The journey to Rome (A.D. 63-4), like St. Paul's a few years earlier, began with a shipwreck. Its nominal purpose was to plead the cause of certain priests who had been sent by Felix to Italy for trial. Chronology will hardly permit us to accept the suggestion of Edersheim to connect St. Paul's liberation with the mission of Josephus; but he cannot have failed, during his stay in the city on the eve of the Neronian persecution, to become acquainted, if not with the work of the Apostle, at least with the existence of the Christian community. Through the influence of Poppea, the mistress and afterwards wife of Nero, who coquetted with Judaism (Josephus's words imply that she was a proselyte), he was successful in obtaining the release of the priests and returned to Judea laden with presents. Besides the expressed object, was there any ulterior motive in this visit to the capital? Edersheim suggests that, foreseeing the trend of events, Josephus was already fired with the ambition of becoming the intermediary between Rome and his nation.
At any rate, his visit had impressed him with a sense of Rome's invincible power; and on his return to Judea, where he found the Jews drifting towards revolt and everything pointing to the immediate outbreak of war, he at first tried to pacify the war-party, but in vain. The turbulent state of the country at length induced Cestius Gallus, the governor of Syria, to advance against Jerusalem. With the disastrous rout of his army in the defiles of Beth-Horon towards the end of A.D. 66, following upon his unexpected withdrawal from the gates of the metropolis, it was realized that the irrevocable step had been taken, and all preparations were made for the impending war.

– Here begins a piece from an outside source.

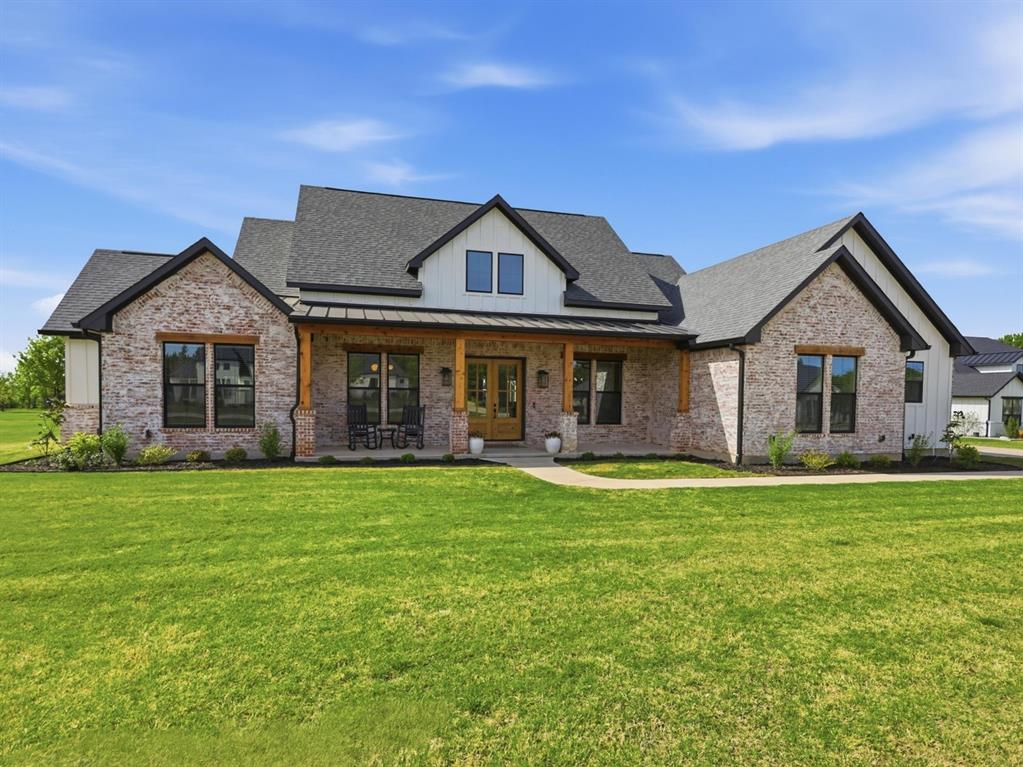 330 Charlie Joseph Drive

Josephus, then but twenty-nine years of age, was entrusted with the command of Galilee. The reason for the selection of the young priest for so important a post, for which, notwithstanding his frequent assertions of his skill and strategy, he seems to have been ill-qualified, is obscure. The history of the sequel fills the greater part of the Life, but it is not very easy to follow the course of events and to read the motives of the leaders at Jerusalem and the conflicting aims of the various cities of Galilee, which Josephus found in a divided state. His first steps were to fortify the principal places, to reform the army on the Roman model by appointing subordinate officers, and to set up a council of seventy of the principal Galileans to try cases and to act as hostages for the loyalty of the district. But his efforts to enforce discipline and to secure the allegiance of the Galileans were unavailing. He had many opponents, in particular John of Gischala, who afterwards played an important part in the siege of Jerusalem. The spring of A.D. 67 was chiefly spent by Josephus in civil strife and in avoiding plots against his life. He was suspected, perhaps justly, of harbouring designs of betraying the country to Rome; he may have hoped to stave off war by some form of compromise. At length John succeeded in inducing the Jerusalem leaders to supersede Josephus, and an embassy was sent to relieve him of his command. He, however, refused to accept the order, and obtained letters from the capital reinstating him. Meanwhile, Vespasian was advancing upon Galilee from Antioch. On the fall of Gadara Josephus was at first inclined to surrender and wrote to Jerusalem for instructions, but finally resolved to stand a siege in the fortified town of Jotapata.